# Any Floridians ever use coquina rock?



## actionyak (Mar 16, 2004)

I picked up a couple hundred pounds of coquina off the beach tonight and am planning to add some to my new grow out tank and some to my main show tank to get some more height. I was curious if anyone else has used coquina before. My only concern is the amount of stuff that is likely living on and in it, since it was right on the beach. I've got a cooler full soaking in water and 5 capfulls of bleach right now.

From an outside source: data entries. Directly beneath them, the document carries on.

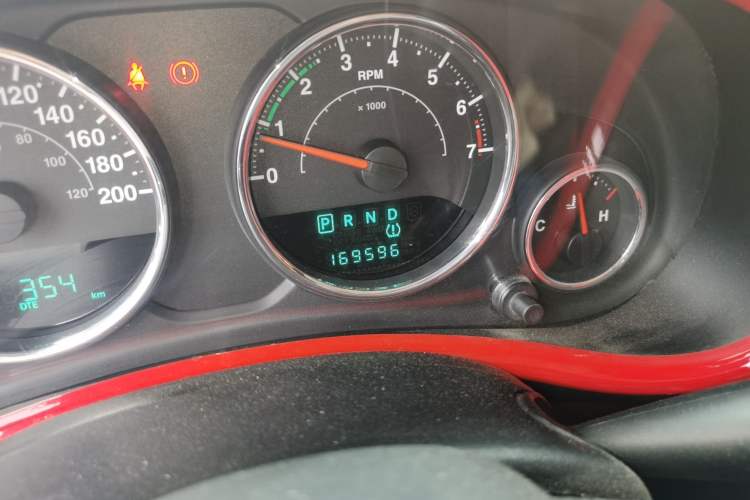 Used Jeep Wrangler 2012 3.6L Sahara Four-Door Edition Odometer Close Up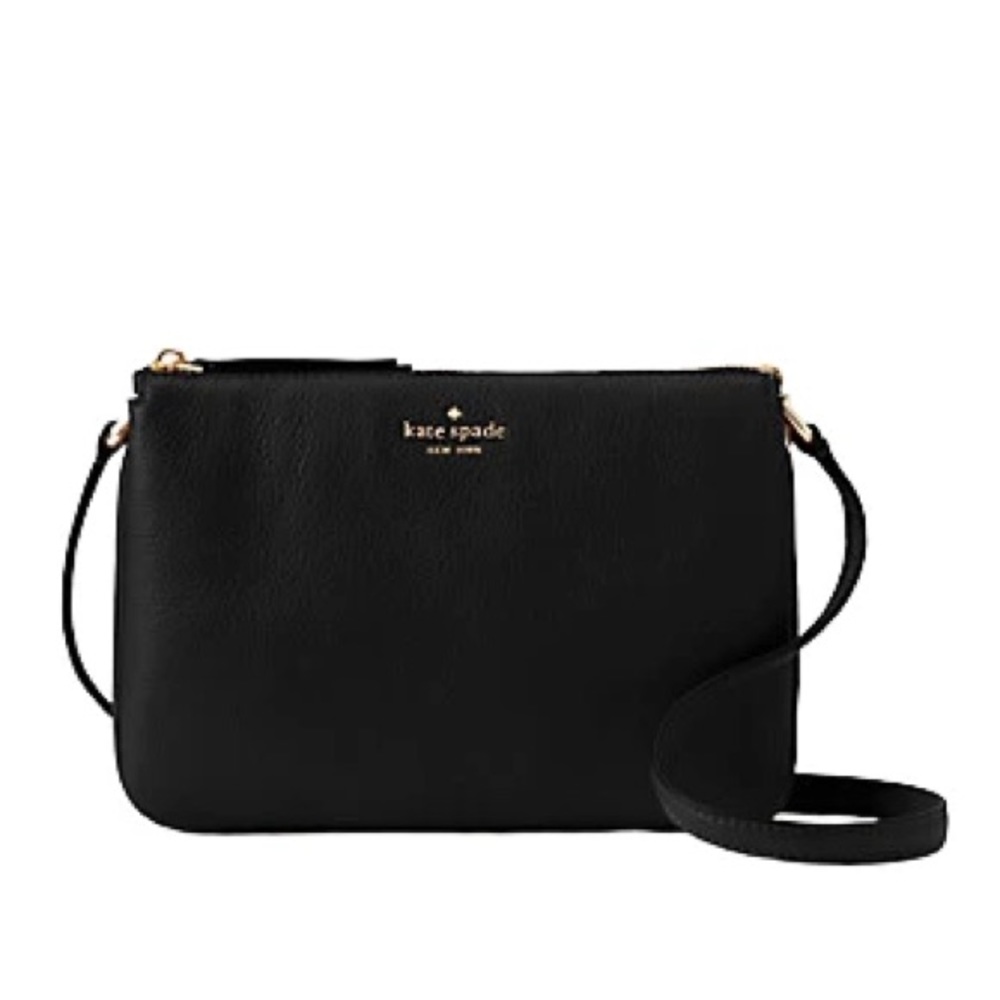 Kate Spade Black Triple Gusset Crossbody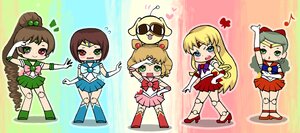 Rating: Safe Score: 0 Tags: 5girls :> ? bad_id bad_pixiv_id bishoujo_senshi_sailor_moon blonde_hair blue_choker blue_eyes blue_footwear blue_sailor_collar blue_skirt blush_stickers boots bow brown_hair chibi choker color_connection doll doll_joints double_bun dress drill_hair eighth_note elbow_gloves fujinozu gloves green_choker green_eyes green_footwear green_hair green_sailor_collar green_skirt hair_bobbles hair_bow hair_cones hair_ornament heterochromia hina_ichigo image inner_senshi joints kanaria knee_boots kunkun long_hair luna-p magical_girl multiple multiple_girls multiple_persona musical_note open_mouth orange_sailor_collar otoko_no_ko parody pink_bow pink_sailor_collar ponytail pose red_bow red_eyes red_footwear red_sailor_collar red_skirt rozen_maiden sailor_chibi_moon sailor_collar sailor_jupiter sailor_mars sailor_mercury sailor_moon sailor_senshi sailor_senshi_uniform sailor_venus shinku short_hair skirt souseiseki strappy_heels suiseiseki tagme v very_long_hair white_gloves User: admin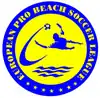 1998–2003The original logo. Used until the competition was renamed from the then European Pro Beach Soccer League.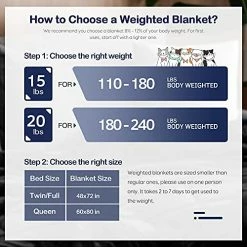 Pawque Sherpa Fleece Weighted Blanket Twin Size 20lbs For Adult, Fuzzy Weighted Throw With Ribbed Stripes, Dual Sided Cozy Plush Blanket With Premium Beads For Bed Sofa, 60 X 80 Inches, Navy Blue -Electric Blankets Sales Store 51bG5zwpw6L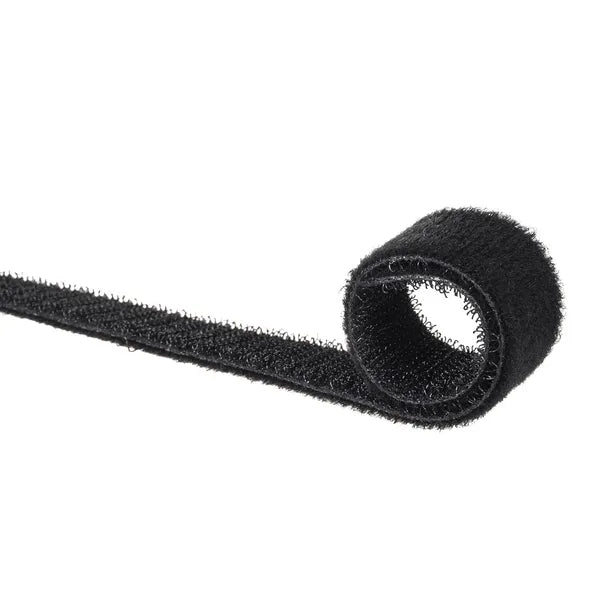 Kétoldalas tépőzáras kábelrendező szalag 20 mm x 15,3 m, fekete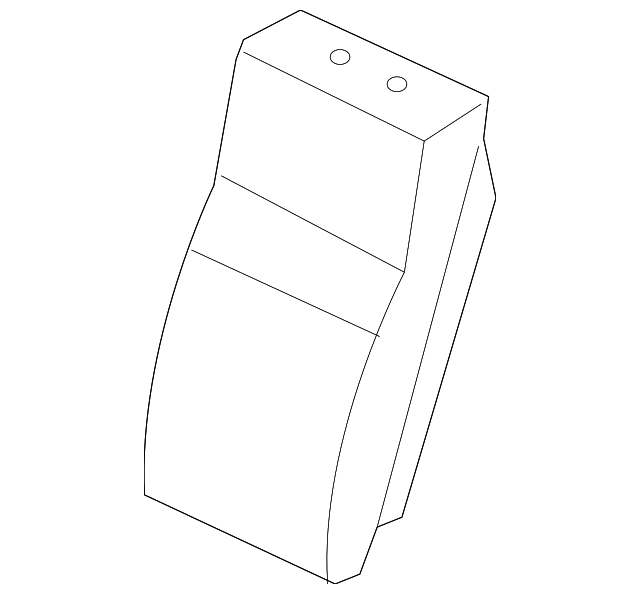 Genuine Honda Seat Back Cover 82121-SNE-A22ZA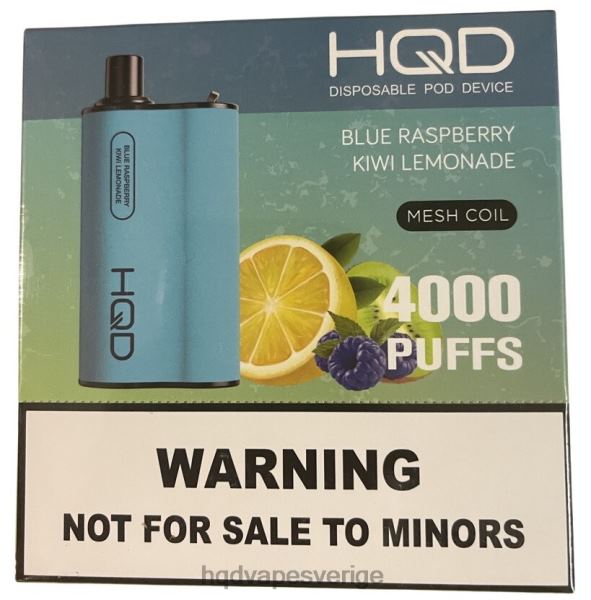 HQD Vape Store - HQD BOX 4000 bloss 4T22T85 blåbär hallon kiwi lemonad
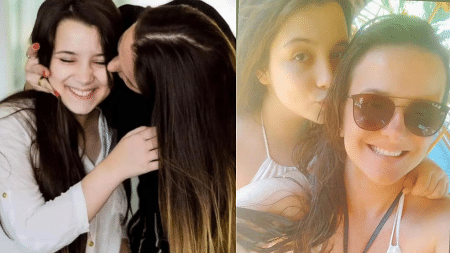  Giovana Pereira Caetano de Almeida e a mãe, Patrícia Alessandra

Here's what it looks like, the tennis ball is in the middle to give an idea of scale.










A couple of closeups:



















For those of you not familiar with coquina, from the Volusia County Heritage web site:

"Coquina rock is the product of sedimentary formations that underlie much of Florida's Atlantic shore. Coquina is a mixture of shell fragments and quartz grains held together by calcium carbonate that formed when higher sea levels covered our present coast. Coquina means "tiny shell" in Spanish. The name also was given to the small clam, Donaxvariabilis, whose shells provided the natural aggregate for Coquina rock.... Large-scale quarrying began under Spanish rule in 1671 for the construction of the Castillo de San Marcos in St. Augustine."

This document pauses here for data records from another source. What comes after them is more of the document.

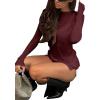 imageAvanova Women Mesh Sheer Long Sleeve Top See Through Sexy Going Out ShirtsBurgundy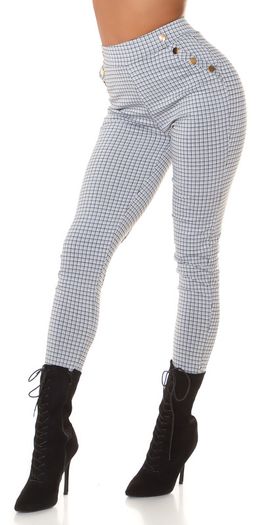 Trendy Highwaist Pants With Pockets Sm Ml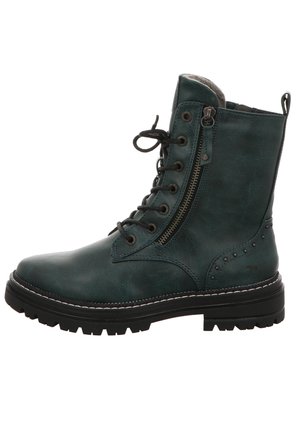 Mustang Platform ankle boots - petrol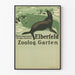 Vintage poster of Elberfeld Zoological Garden with sea lions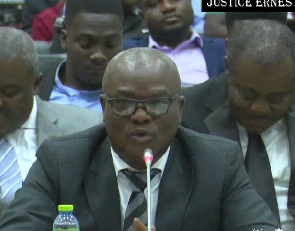 Justice Ernest Yao Gaewu when he appeared before the Appointments Committee of Parliament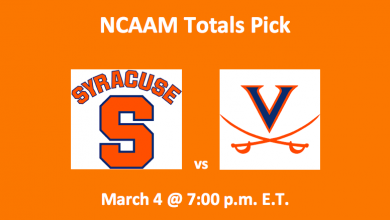 Syracuse vs Virginia totals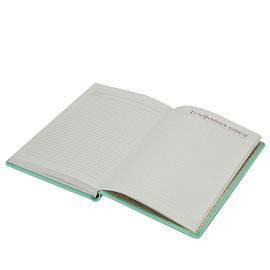 Ежедневник недатированный Attache Velvet искусственная кожа Soft Touch А5+ 136 листов мятный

Seems like it may be good to help buffer the water, as well.

Anyone have any experience with it in a cichlid tank?


----------



## KaiserSousay (Nov 2, 2008)

I had it, then pulled it out. 
After a few times moving it around, you already know it has lots of sharp areas on it.
I thought it would just be a matter of time, before one of my "MalawiManiacs" got sliced open.
Ended up at a landscape supply yard and paid around $20 for some smooth rock.


----------



## cjacob316 (Dec 4, 2008)

the only fear i would have is how sharp the rck is like kaiser said, otherwise it's a good rock for cichlids


----------



## fordgtmustang (Sep 29, 2010)

I have some in my 75 gallon and was afraid of the edges as well. That was until i got the hand sander out and sanded the rocks down and they actually came out nice and smooth


----------



## baitfish2000 (Mar 11, 2005)

I am not far from Daytona and used Coquina in my tank for awhile - with Tangs - did not have any problems but did see some scratches on the fish so I got rid of it - I prefer to use the shelly sand that is found in Flagler County area - think alot of that is just crushed coquina rock - if you can sand off the rougher edges I think it would be fine.


----------